Technical Reviewer Tips: Risk Assessment Procedures and Documentation

By Robert Moore, Jr., CPA
Technical Reviewer, VSCPA Peer Review Committee

Risk assessment procedures and documentation are current points of emphasis for the AICPA and will be emphasized in peer review over the next few years. Examples that would lead to non-conforming engagements are:

Failure to identify or document the identified risks of material misstatement (RMM), including any significant risks
- Virtually every audit, including audits of small- and medium-sized entities, has at least one significant risk.
Failure to assess or document the assessment of risk at both the relevant assertion level and financial statement level
- A reviewer may encounter audits where the risks of material misstatement are assessed at the account level only rather than at the relevant assertion level.
- Some practitioners confuse account-level risk with financial statement-level risk. Financial statement-level risks are not risks limited to one account balance, but rather risks that are pervasive to the financial statements.
Failure to perform or document the performance of procedures that address identified significant risks, or failure to perform anything beyond “basic” procedures when the basic procedures don’t address the RMM.
- Significant risks require special audit consideration, which means consideration above and beyond what a standardized audit program would address.
Failure to properly document the firm’s identification and assessment of the RMMs and response thereto.
- Reviewers should consider the linkage between the risk assessment and the auditor’s procedures, and they should determine whether the procedures are responsive to the client’s financial statement- and assertion-level risks.
Failure to evaluate the design and implementation of controls relevant to the audit
- Auditors are expected to:
  - Consider what could go wrong as the client prepares their financial statements
  - Identify the controls meant to mitigate those financial reporting risks
Evaluate the likelihood that the controls are capable of effectively preventing or detecting and correcting material misstatements

Documentation of Inherent Risk Assessment

The assessment of inherent risk at less than high may be substantiated through the use of memo documentation or the optional Inherent Risk Assessment Form.
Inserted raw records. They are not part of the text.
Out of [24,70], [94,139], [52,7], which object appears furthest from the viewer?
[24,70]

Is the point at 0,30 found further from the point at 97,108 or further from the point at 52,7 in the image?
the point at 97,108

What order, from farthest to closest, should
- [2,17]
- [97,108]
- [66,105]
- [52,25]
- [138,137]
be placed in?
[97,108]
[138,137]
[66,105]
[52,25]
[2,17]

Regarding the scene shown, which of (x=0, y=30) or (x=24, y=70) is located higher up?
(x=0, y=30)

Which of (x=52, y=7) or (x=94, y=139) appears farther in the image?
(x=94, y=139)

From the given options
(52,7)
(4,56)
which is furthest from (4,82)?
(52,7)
The assessment of control risk at less than high is substantiated through testing of controls. A review of the relationship of inherent risk and control risk to the risk of material misstatement (RMM) generally places a greater emphasis on inherent risk.
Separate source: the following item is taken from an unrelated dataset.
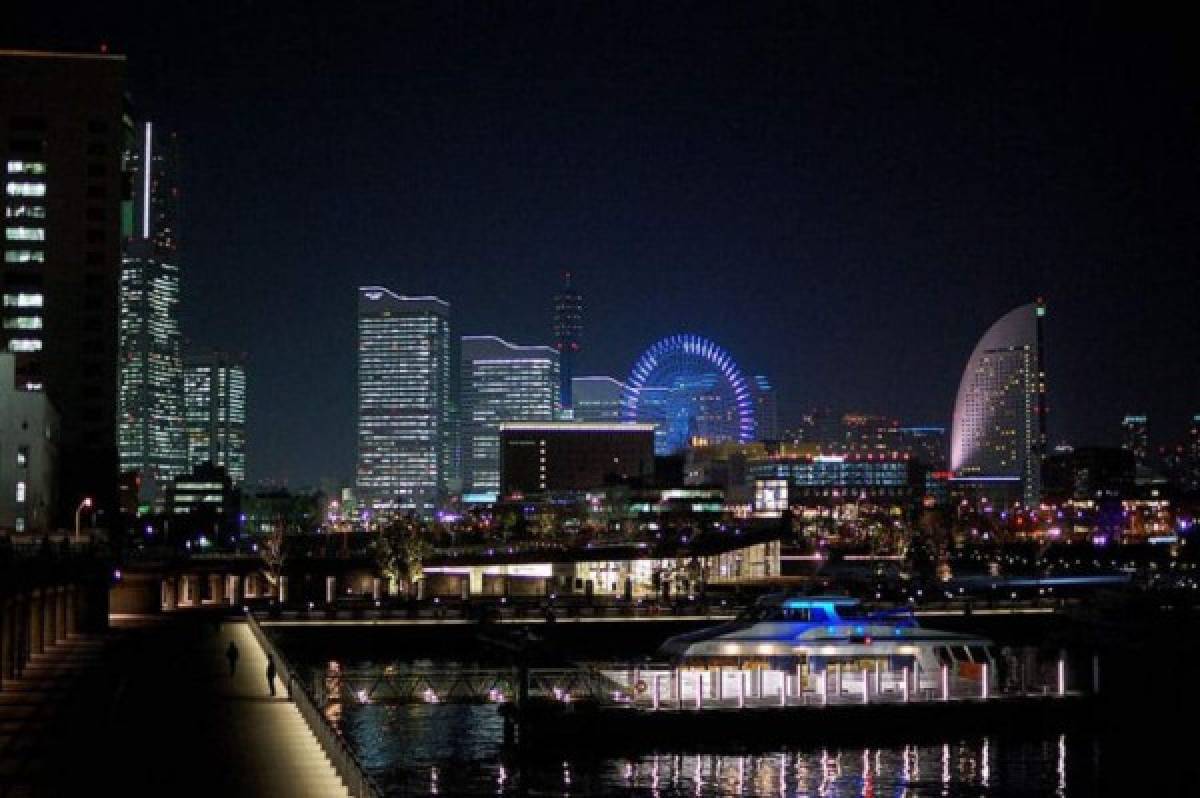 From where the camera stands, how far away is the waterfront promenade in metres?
33.1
Non-attest Services Consideration and Documentation

A current point of emphasis is the evaluation of non-attest services performed by firms on behalf of clients. It is important that these services be identified and documented in the working papers of all engagements, including:

Non-attest services to be performed
Objectives of non-attest services
Client acceptance of it responsibilities for non-attest services
The accountants’ responsibilities related to non-attest services
Limitations of the non-attest service engagements

Please review the requirements of ET section 1.295.040–.050 for more information about these matters.
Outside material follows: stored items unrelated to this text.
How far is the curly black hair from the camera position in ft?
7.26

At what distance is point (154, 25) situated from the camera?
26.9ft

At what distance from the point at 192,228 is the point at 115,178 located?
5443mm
Typical non-attest services performed by firms for clients include:

Preparation of financial statements
Tax return preparation
Maintenance of depreciation schedules
Cash-to-accrual calculations
Proposal of adjusting journal entries

Skills, Knowledge and Experience of Client Personnel Evaluating Non-attest Services

In addition to the non-attest services addressed above, the engagement files should document the skills, knowledge and experience of client personnel overseeing non-attest services performed by the firm. These attributes are not clearly addressed in the Non-attest Services Documentation Form. Documentation of these matters is required for audits subject to Government Audit Standards, and is considered best practice for other audits.